TAMPA, Fla. -- Tampa Bay Buccaneers left tackle Tristan Wirfs got a special surprise this week when he learned he'd been named Associated Press First Team All-Pro, becoming the first player in NFL history to win the honor at both the right tackle and left tackle position.
But it was how Wirfs learned of the honor that was truly memorable. While doing a sit-down interview with AP senior writer Rob Maadi at the team facility, Wirfs' girlfriend, Meredith Sutton, walked in holding their nine-month-old son, Julius, who was wearing a shirt that read, "My Daddy is an All-Pro."
"No way," Wirfs said in disbelief.
"What do you think, Bub?" he asked his baby boy. "That's awesome. ... That's crazy. You surprised me. I was just telling [Meredith] about it the other night, like last night, I was like, 'No one's ever done it before.' I was like, 'I'm trying!'"
Wirfs' tender moment with his son was even more special given how open he's been about some of the mental struggles he endured taking on the new position last season.

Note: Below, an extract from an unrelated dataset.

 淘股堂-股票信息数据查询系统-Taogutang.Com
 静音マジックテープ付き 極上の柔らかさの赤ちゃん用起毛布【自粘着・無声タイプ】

Wirfs had been the Bucs' starting right tackle from 2020-2022. His success was the stuff of storybooks: A Super Bowl title in rookie season, AP First-Team All-Pro in 2021 and Second-Team All-Pro in 2022, with many -- including his own coaches -- calling him a future Pro Football Hall of Famer.
But he worried he wouldn't be able to replicate that same success when he was asked to move to the left side to replace Donovan Smith in 2023, something he had never done before. Even as a star for the Iowa Hawkeyes in college, he only started four games at left tackle.

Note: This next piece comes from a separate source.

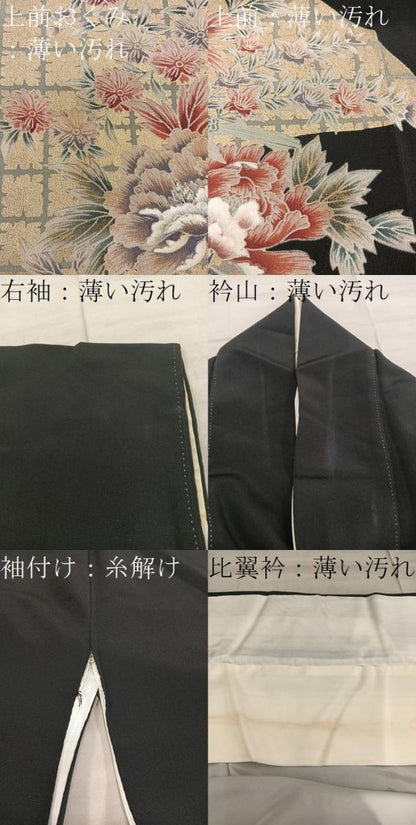 平和屋着物■豪華黒留袖 花鳥文 金糸 正絹 逸品 BAAX5460mz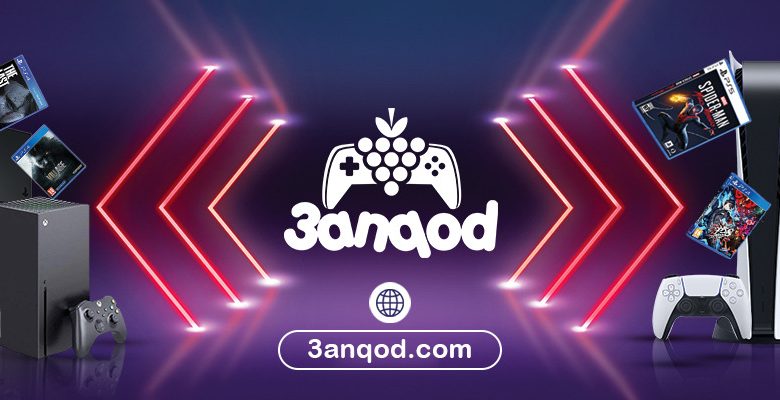 3anqod عنقود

He began experiencing debilitating anxiety over the move and sought the help of the team psychologist, Dr. Joseph Carella.

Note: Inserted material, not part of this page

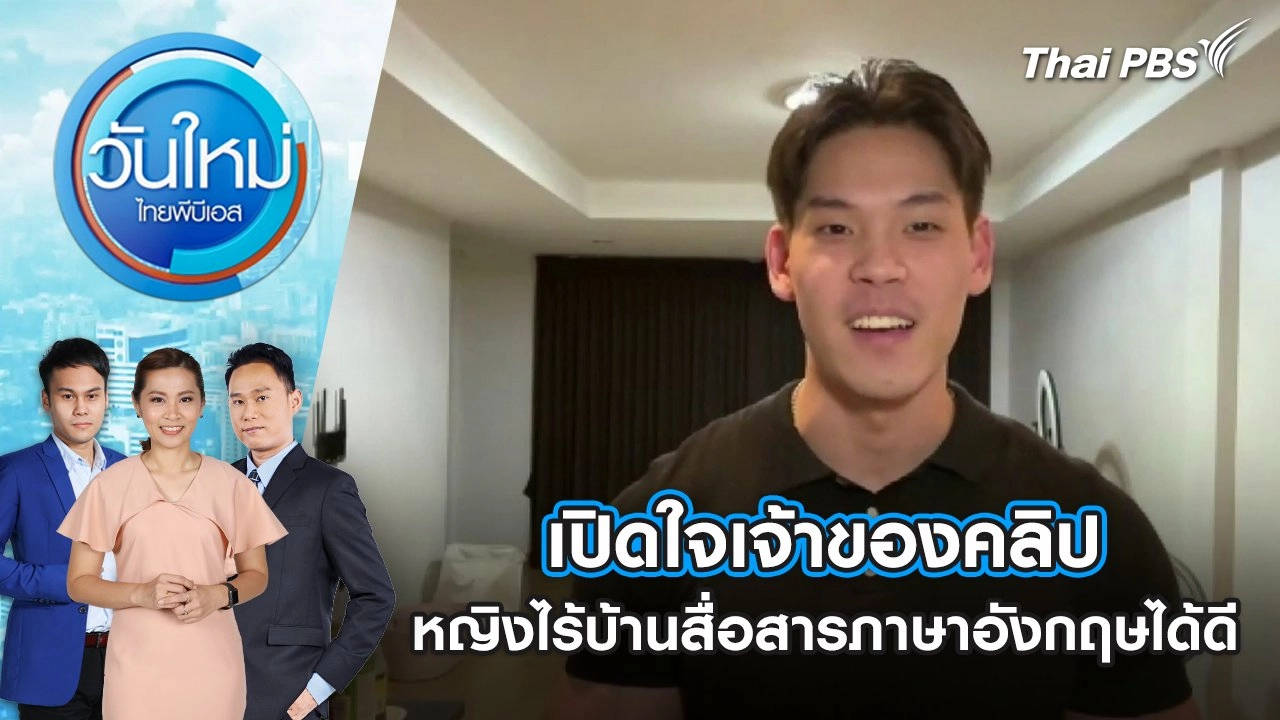 เปิดใจเจ้าของคลิป หญิงไร้บ้านสื่อสารภาษาอังกฤษได้ดี | 24 มี.ค. 68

"It seems like so minuscule, like oh, you're just flipping sides, but I was like having breakdowns about it," Wirfs said in August of 2023. "I'm like, 'I can't sit here with these thoughts anymore, I'm just kind of setting myself up for failure.' I would just think about, 'I am going to suck' or like, 'I am not going to be able to do it' all day long.
"I was in a really rough spot mentally. I was really nervous," Wirfs said then. "I was playing out the season in my head over and over again like, 'Oh, what if it goes this way or what if it goes this way?' So, I was like, 'It is freaking May. You have to calm down.'"
Wirfs went on to have a Pro Bowl season in 2023 and it carried over into 2024, where he was also named a Pro Bowler for the fourth straight year. His 95.9% pass blocking win rate was the best in the league among left and right tackles this year, and he surrendered just two sacks all year.
"That's outstanding," coach Todd Bowles said Friday. "It says a lot about him -- his work ethic, his character, his pride, the way he goes about things," Bowles said. "He does it the right way. He plays hard. He did a heck of a job at right tackle [and] I know he was skeptical at left tackle, but he dove in with both feet and he got great at it, too."